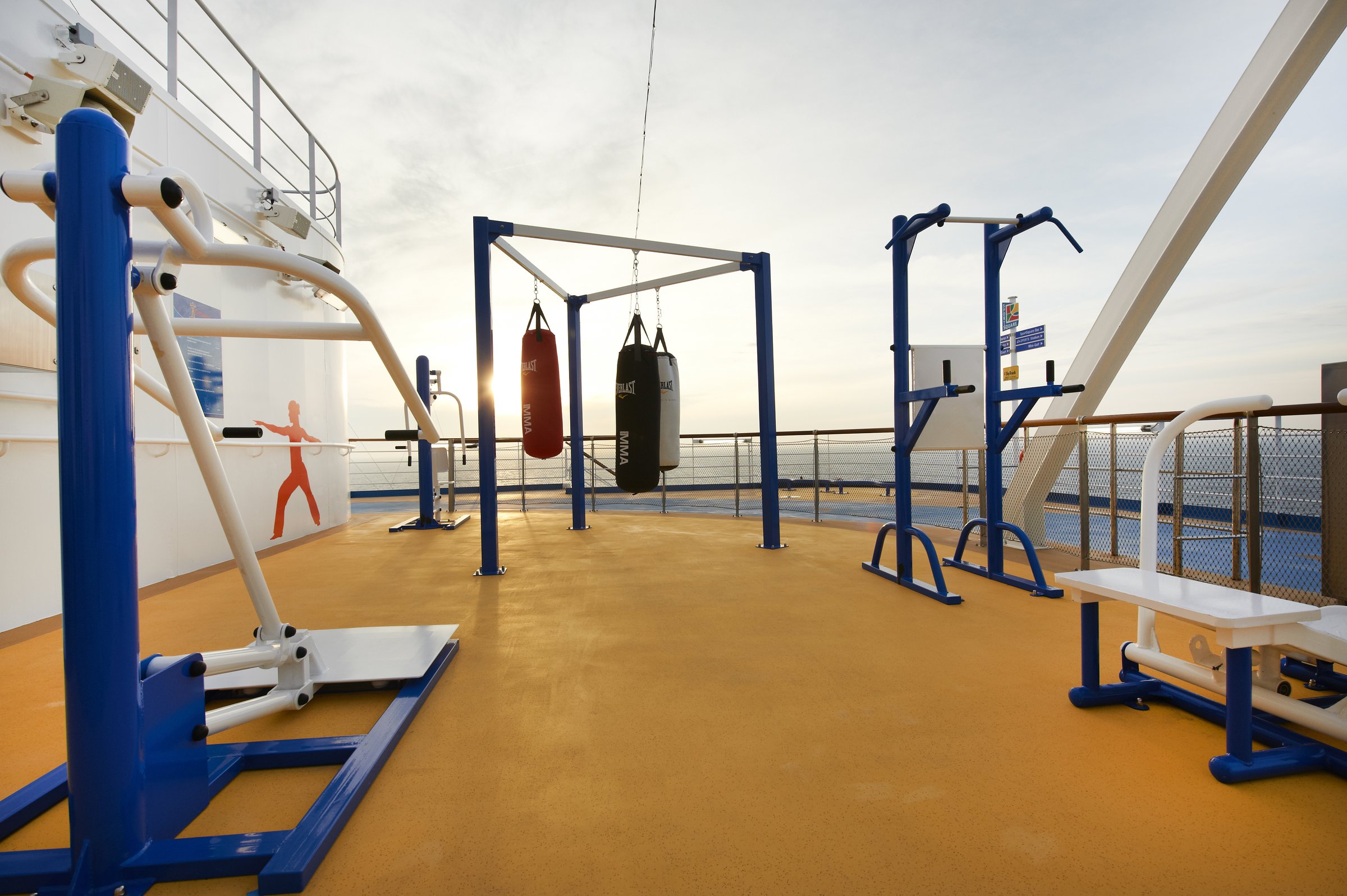 Carnival Magic sports deck with boxing bags, blue fitness stations and an orange rubberised floor in warm low sun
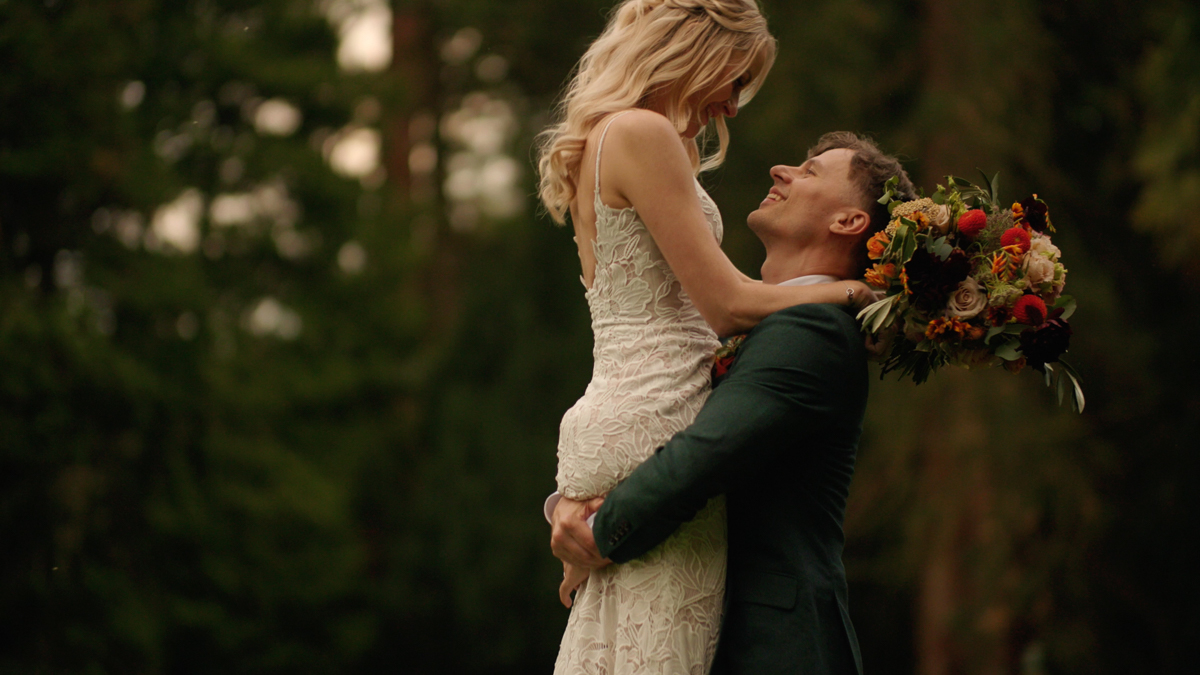 A groom wearing a green suit lifts his bride in front of the forest, as they each admire one another. The bride's bouquet hangs behind the groom's back, as they lean in for a kiss.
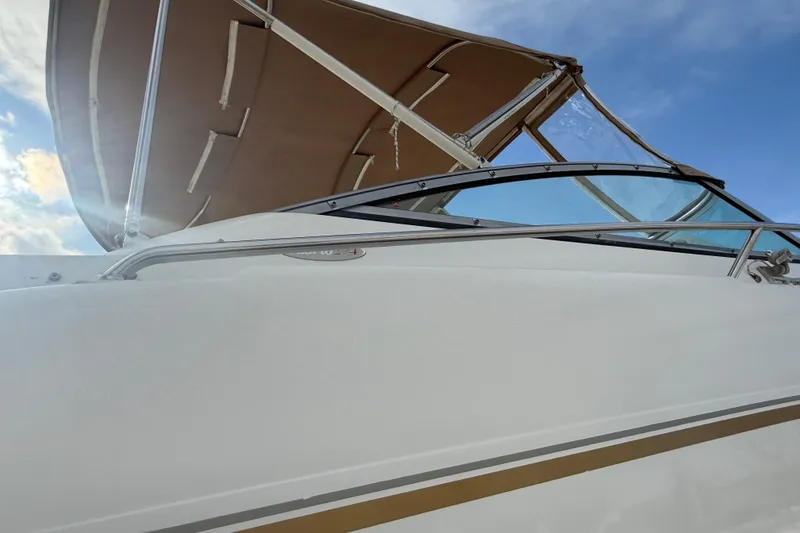 Slide: The Image of 2004 Larson 274 boat with canopy against blue sky background. - 3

■ WHAT YOU SHOULD DO:
Pictures stay out; reproduce exactly the lines from the one containing "A groom wearing" through the end of the data.

■ TASK SOLUTION:
 A groom wearing a green suit lifts his bride in front of the forest, as they each admire one another. The bride's bouquet hangs behind the groom's back, as they lean in for a kiss.
 Slide: The Image of 2004 Larson 274 boat with canopy against blue sky background. - 3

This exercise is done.